12 Great American Destinations
Grand Canyon, Yellowstone, Rocky Mountains
Grand Canyon National Park, Arizona
The Grand Canyon plunges 6,000 feet at its deepest point. From above, the view into the madness of geologic wonder is a sight most people never forget. It accomplishes every feat nature was intended for -- to inspire, to provoke thought, and, in some cases, to bring man to tears.
Yet looking down into the canyon is only one way to experience one of the world's most fascinating geologic formations. Hiking down to meet the Colorado River is another part of the adventure. But unlike most national parks, there are no roads cutting through Grand Canyon.
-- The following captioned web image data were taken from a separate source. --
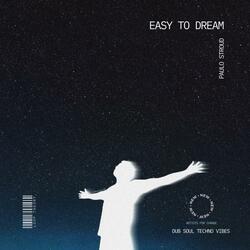 Easy To Dream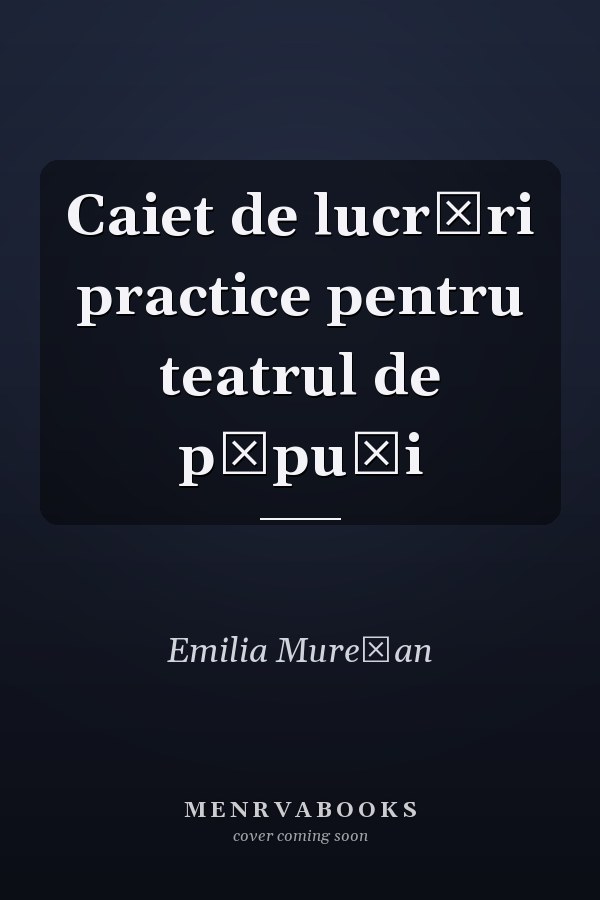 Caiet de lucrări practice pentru teatrul de păpuşi
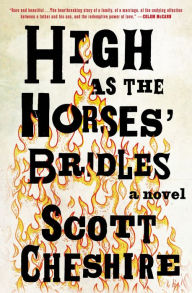 Title: High as the Horses' Bridles: A Novel, Author: Scott Cheshire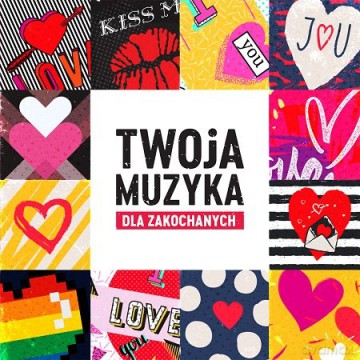 Twoja Muzyka - Dla Zakochanych [2CD]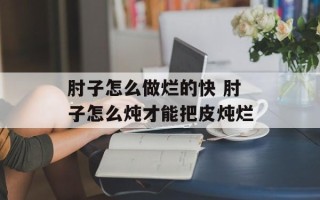 肘子怎么做烂的快 肘子怎么炖才能把皮炖烂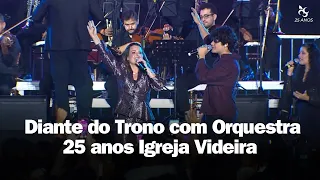 (COMPLETO) Diante do Trono e Orquestra nos 25 anos da Igreja Videira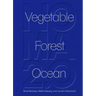 Noma 2.0: Vegetable, Forest, Ocean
Most of what lies in the 277-mile gorge has to be experienced on foot. Mule rides and helicopter tours are much pricier alternatives.
Yellowstone National Park, Wyoming
With the signing of a law by President Ulysses S. Grant in 1872, Yellowstone became America's first national park. It continues to be one of the most popular parks today, having the largest concentration of geysers in the world.
The landscape to Yellowstone was formed about 640,000 years ago by a volcanic explosion that created a crater 30 miles wide and 45 miles long. Geysers like Old Faithful and Giantess serve as reminders of one of the world's largest volcanoes. You can witness Old Faithful's eruption about every 90 minutes.
Rocky Mountain National Park, Colorado
Much has been written, said, and sung about the great Rocky Mountains of the West. Here peaks climb higher than 14,000 feet above sea level. The easiest way to reach them is through Trail Ridge Road. At 12,183 feet, it's the highest continuous, paved road in the country. Those with aged hiking boots might prefer to challenge one of the 60 summits rising 12,000 feet. Along the way, watch for sighting of bighorn sheep, elk, mule deer, or perhaps even a friendly moose.
At the end of the day, gather your friends and family around a campfire and watch the stars. It'll probably be the closest you'll ever get to them.